Facilitating investment and scale
The move from Scor to form a dedicated practice to help support clients through the low-carbon transition reflects the wider onus on the (re)insurance industry to adopt a prominent role in facilitating the scaling up of innovative renewable technologies.
“The (re)insurance industry has a critical role to play given its expertise on climate risks and their consequences on business models of sectors operating in the real economy,” said Lacroix.
“Managing risks is at the heart of (re)insurers’ business models, as is increasing the resilience of societies.”
Xu added that there are two main ways through which the insurance sector can drive the transition.

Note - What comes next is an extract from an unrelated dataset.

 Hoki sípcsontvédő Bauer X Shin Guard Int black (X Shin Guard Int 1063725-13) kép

Firstly, for risk-averse investors insurance products can provide the necessary security to facilitate investment in new, innovative technologies that would otherwise be regarded as high-risk assets.
“This is especially pertinent in the case of new technologies and large-scale commercial projects, which require billions in capital expenditure and are much needed for reaching net-zero targets,” he explained.

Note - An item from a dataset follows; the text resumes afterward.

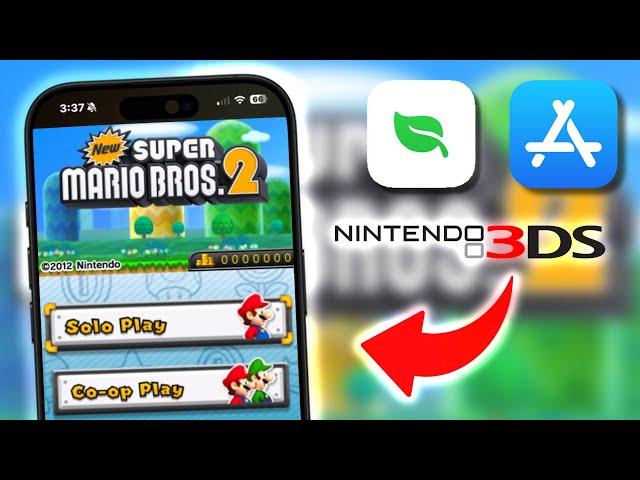 NEW SUPER MARIO BROS 2 on a IPHONE 16 | FOLIUM 3DS Emulator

Secondly, Xu noted that a significant portion of insurance placements within the low-carbon sector are through the subscription market. This means that major players can participate in and share a majority of risks globally to collectively learn lessons from claims experiences.
“Through active engagement and collaboration with project teams, conducting thorough risk assessments and employing prudent underwriting practices, the insurance industry can share valuable knowledge and best practices with our clients, assisting them in improving their risk management and overall risk profile,” he said.
Lacroix affirmed the importance of collaboration, adding that in order to offer coverage for new energy and other green projects, (re)insurers require substantial expertise.
“In this sense, (re)insurers are well positioned to help drive action through our client relationships and partnerships that extend beyond the insurance industry,” she noted.
Xu concluded that insureds should be receptive to collaborating with the industry to share knowledge, project updates, and both good and bad practices.
“This collaborative effort could help the insurance company in gaining a thorough understanding and accurate assessment of the associated risks,” he said.
“Both the clients and players in the supply chain should have a comprehensive understanding of the insurance products and their limitations. Transferring every risk solely onto an insurance company can lead to either exorbitant insurance costs or, in some cases, an exceedingly challenging, if not impossible, insurance placement process due to reduced risk appetite and market capacity.”